An example of constructing a Huffman tree. Source: Wikipedia

What is the time complexity of Huffman algorithm?

The Huffman algorithm steps seem easy with human eyes, but finding the two least weighted elements cannot be done directly in computer algorithm. A common approach is to use a priority queue (or min-heap) to efficiently extract the two minimum-weight nodes at each step, which takes $O (\log n)$ time for each extraction and insertion operation. Every step combines two nodes into a new parent node (1 node removed), so it is repeated $n - 1$ times. Thus, the overall time complexity of the Huffman algorithm is $O (n \log n)$ , where $n$ is the number of elements.

What are the applications of Huffman algorithm?

The most common application of Huffman algorithm is the Huffman coding, which is a lossless data compression algorithm that uses variable-length codes to represent symbols based on their frequencies. Huffman coding is widely used in various file formats and protocols, such as ZIP, JPEG, and MP3.

What is the input and output of Huffman coding?

Huffman coding is a mapping from input symbols to output codes.

Input:

A set of symbols: $s_{1}, s_{2}, \dots, s_{n}$ .
A set of reference frequencies (or weights) associated with each symbol: $f_{1}, f_{2}, \dots, f_{n}$ , where each frequency is a non-negative value representing how often the corresponding symbol appears in the data.

Output:

A set of binary codes: $c_{1}, c_{2}, \dots, c_{n}$ , where each code is a unique sequence of bits (0s and 1s) assigned to the corresponding symbol.

Using these codes, one can encode a sequence of symbols (in the dictionary) into a binary string.

Huffman coding is variable-length encoding. How do we know where one code ends and the next code begins?

Huffman coding is prefix code, meaning that no code is a prefix of any other code. This property ensures that the encoded data can be uniquely decoded without ambiguity, as the end of one code can be determined by the start of the next code.

How does Huffman coding work?

Huffman coding uses the Huffman algorithm to construct a Huffman tree based on the reference frequencies of the symbols.
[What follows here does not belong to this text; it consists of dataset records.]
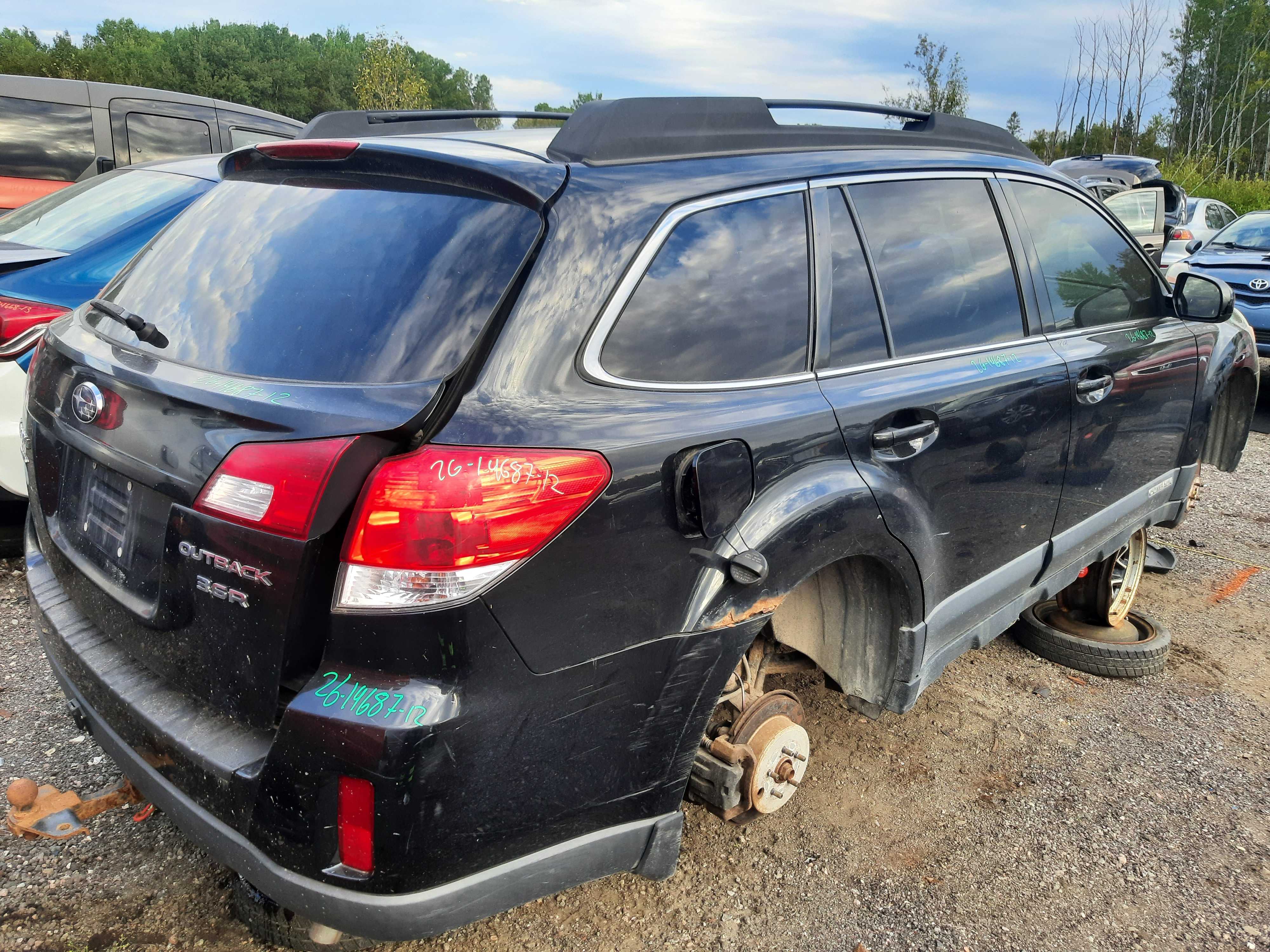 SUBARU OUTBACK 2012
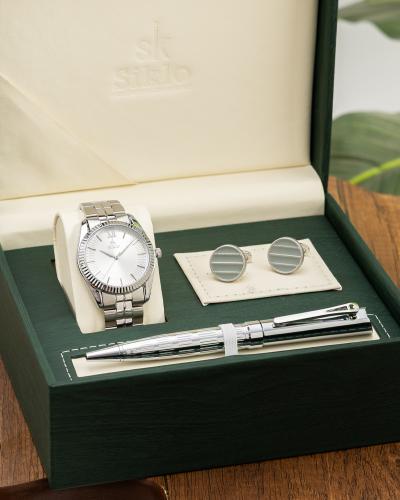 طقم رجالي استيل باللون الفضي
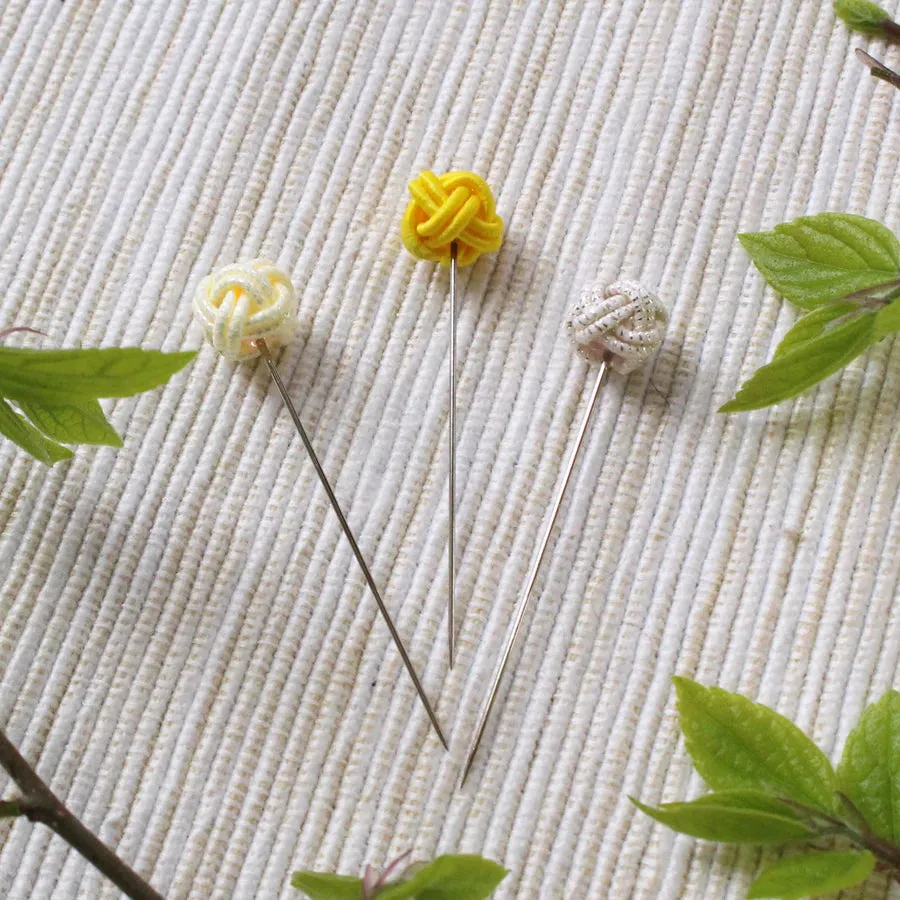 Iida Mizuhiki Sewing Pins, Yellow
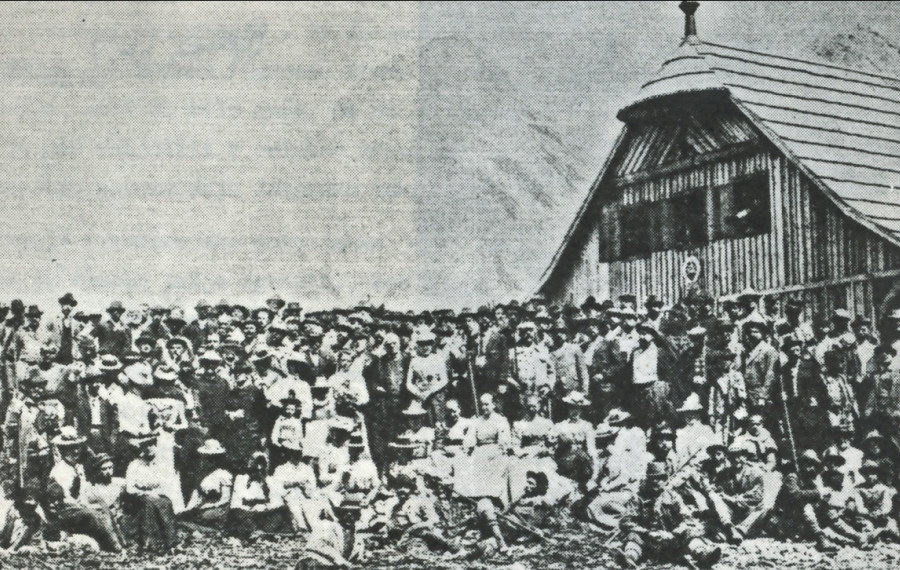 Češka koča ob odprtju leta 1900 
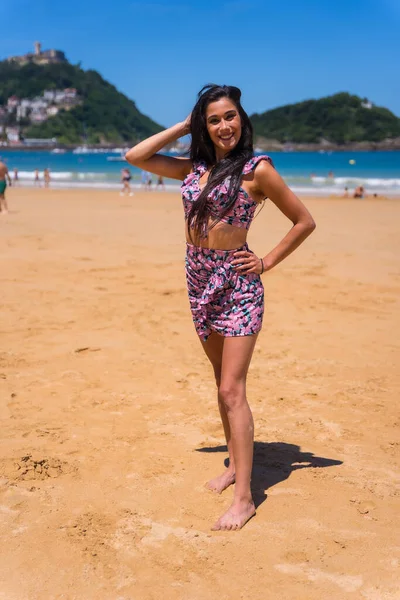 Молода Брюнетка Біла Жінка Насолоджується Літом Пляжі Рожевій Спідниці Посміхається — стокове фото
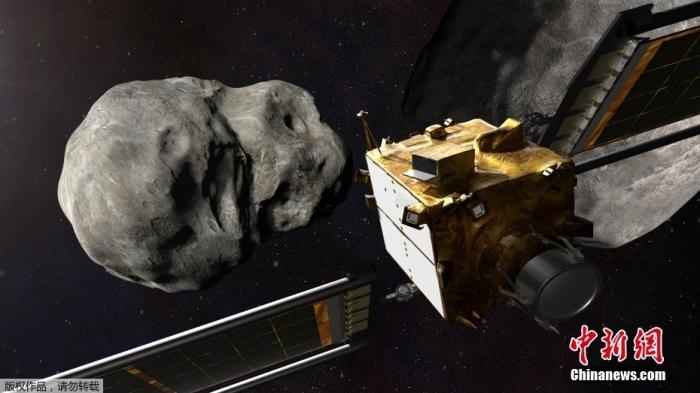 當(dāng)?shù)貢r(shí)間11月4日，法新社公布了兩張來(lái)自美國(guó)宇航局的太空效果圖，畫面顯示一艘宇宙飛船從小行星后面進(jìn)行撞擊。據(jù)悉，美國(guó)宇航局計(jì)劃讓一艘以每小時(shí)24000公里的速度飛行的宇宙飛船撞上一顆小行星以進(jìn)行“行星防御”測(cè)試，雖然地球尚且沒(méi)有面臨如此緊迫的危險(xiǎn)。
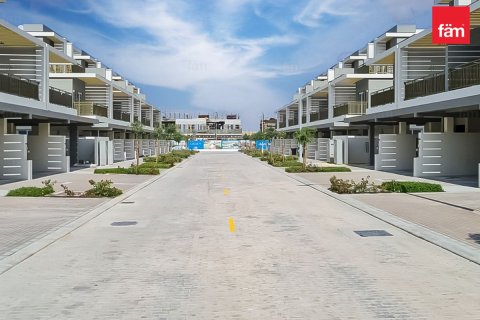 4 bedrooms Townhouse in Dubai, UAE No. 164129 13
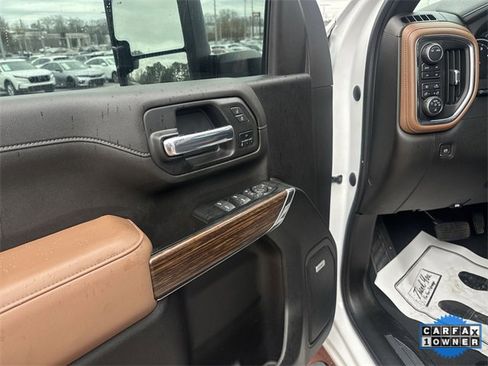 Used 2023 Chevrolet Silverado 2500 High Country w/ Z71 Off-Road Package image 11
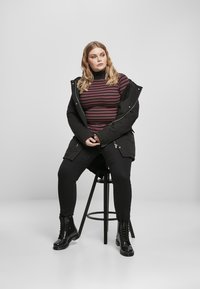 Urban Classics Langærmet T-shirt - cherry/blk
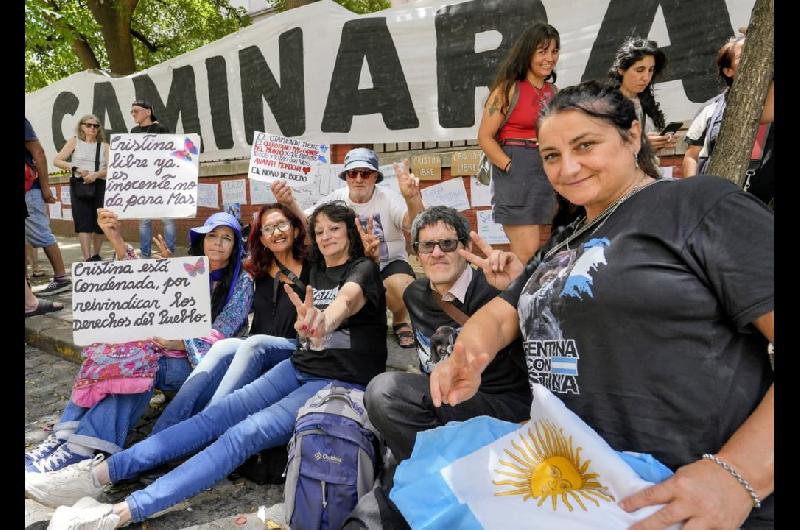 La salud de Cristina Kirchner- militantes hicieron una vigilia y acampan en el Sanatorio Otamendi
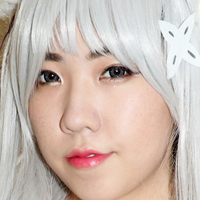 Yoonie Nackt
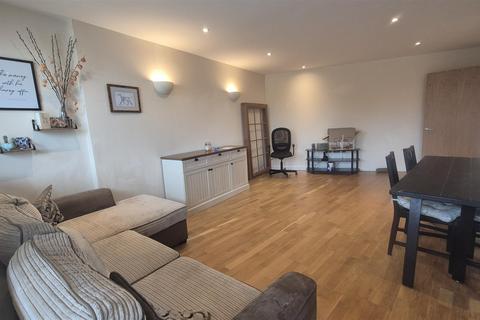 1 bedroom apartment for sale, Fenton Court, Burgess Springs, Chelmsford CM1 1HW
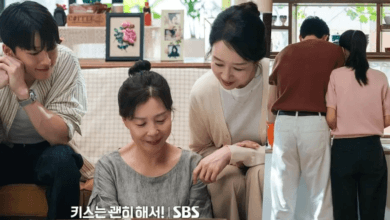 يتبادل جانغ كي يونغ وآهن إيون جين لحظاتٍ جميلة في منزلها مع أمهاتهم في مسلسل "قبلة الديناميت - Dynamite Kiss"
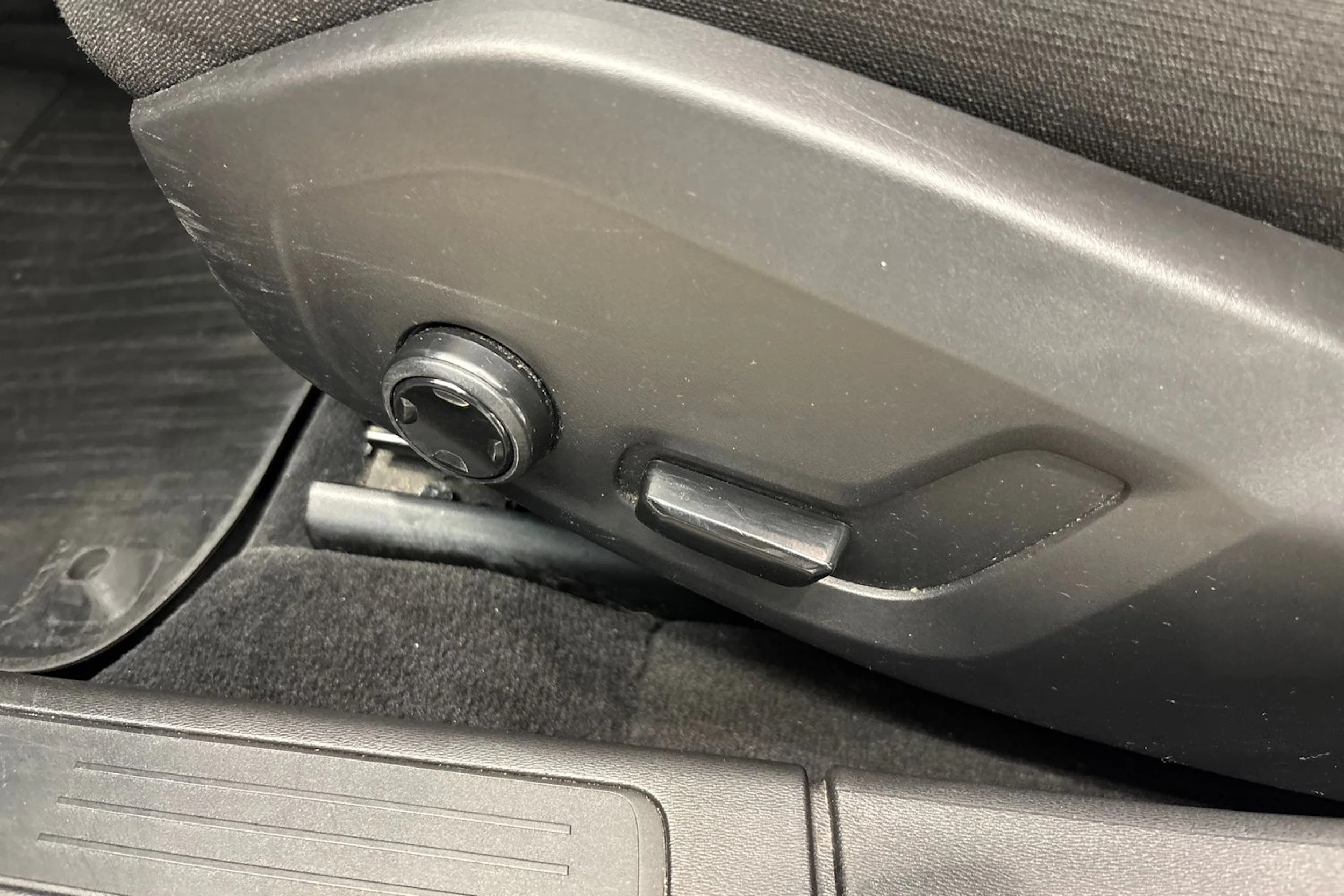 Sininen Volvo S90 2017 kuva 19.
The binary code for each symbol is determined by the path from the root to the leaf node representing that symbol in the Huffman tree: moving left adds a ‘0’ to the code, and moving right adds a ‘1’.

An example of Huffman coding. (Source: GitHub)

Why Huffman coding is a compression algorithm?

Symbols are originally stored in a fixed-length encoding scheme. Note that:

The fixed-length encoding is also a prefix code (00…0 - 11…1, no overlap).
Huffman algorithm is proven to minimize the weighted path length from the root to all leaf nodes, therefore, Huffman encoding is the optimal prefix code.

(Proof is omitted here, but you can find it in many algorithms textbooks or online resources.)

Thus, Huffman encoding will always produce a binary string that is shorter than or equal to the original fixed-length encoding, achieving lossless data compression.

Why Huffman coding is lossless?

The decoding process of Huffman coding is straightforward: start from the root of the Huffman tree and traverse the tree according to the bits in the encoded data (0 for left, 1 for right) until reaching a leaf node, which represents a symbol. One can completely reconstruct the original symbol.